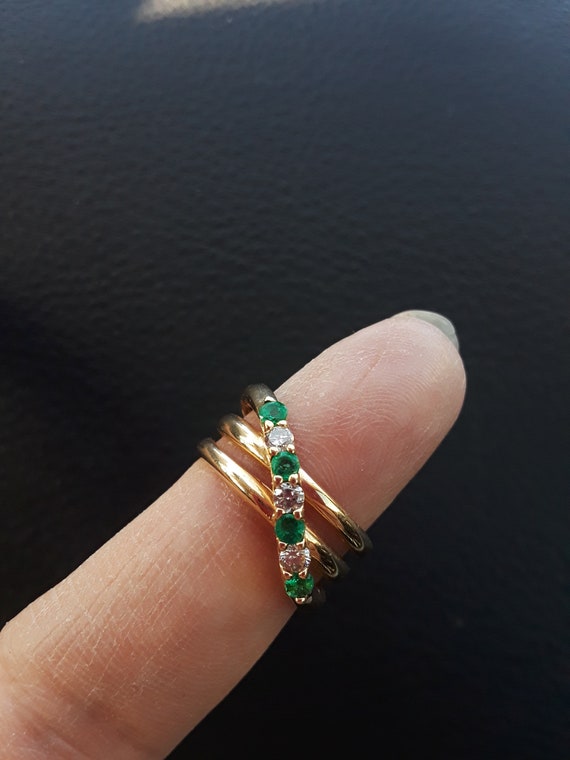 14k Gold Diamond Colombian Emerald Wedding Engage… - image 4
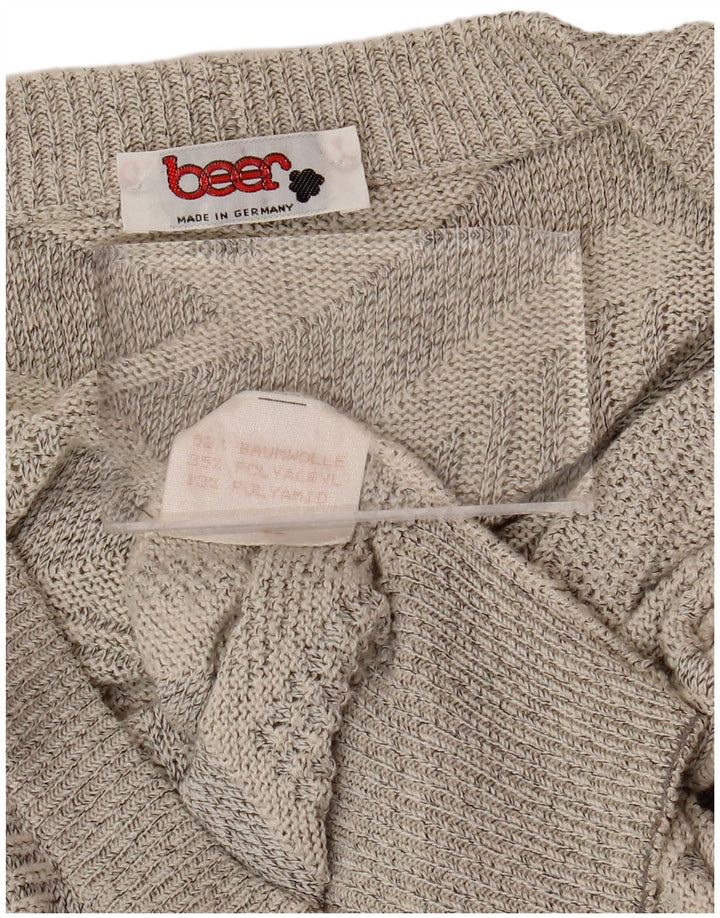 VINTAGE muški kardigan pulover veliki sivi geometrijski pamuk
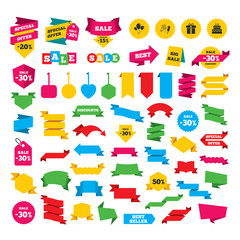 Naklejka premium Web stickers, banners and labels. Birthday party icons. Cake and gift box signs. Air balloons and fireworks symbol. Special offer tags. Vector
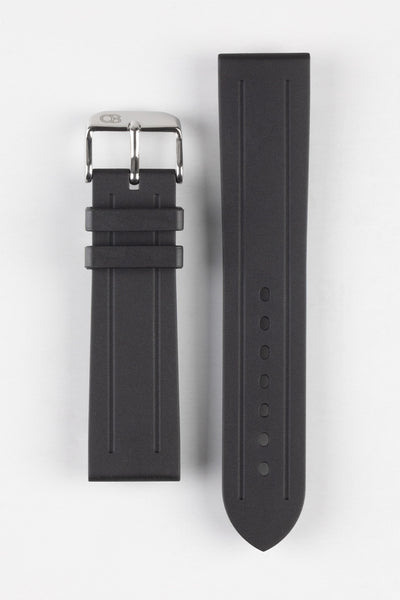 Black Bonetto Cinturini 319 rubber watch strap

- _Required action_
Nothing but the text is wanted: repeat the data above exactly, without its images.

- _Task output_
 14k Gold Diamond Colombian Emerald Wedding Engage… - image 4
 VINTAGE muški kardigan pulover veliki sivi geometrijski pamuk
 Naklejka premium Web stickers, banners and labels. Birthday party icons. Cake and gift box signs. Air balloons and fireworks symbol. Special offer tags. Vector
 Black Bonetto Cinturini 319 rubber watch strap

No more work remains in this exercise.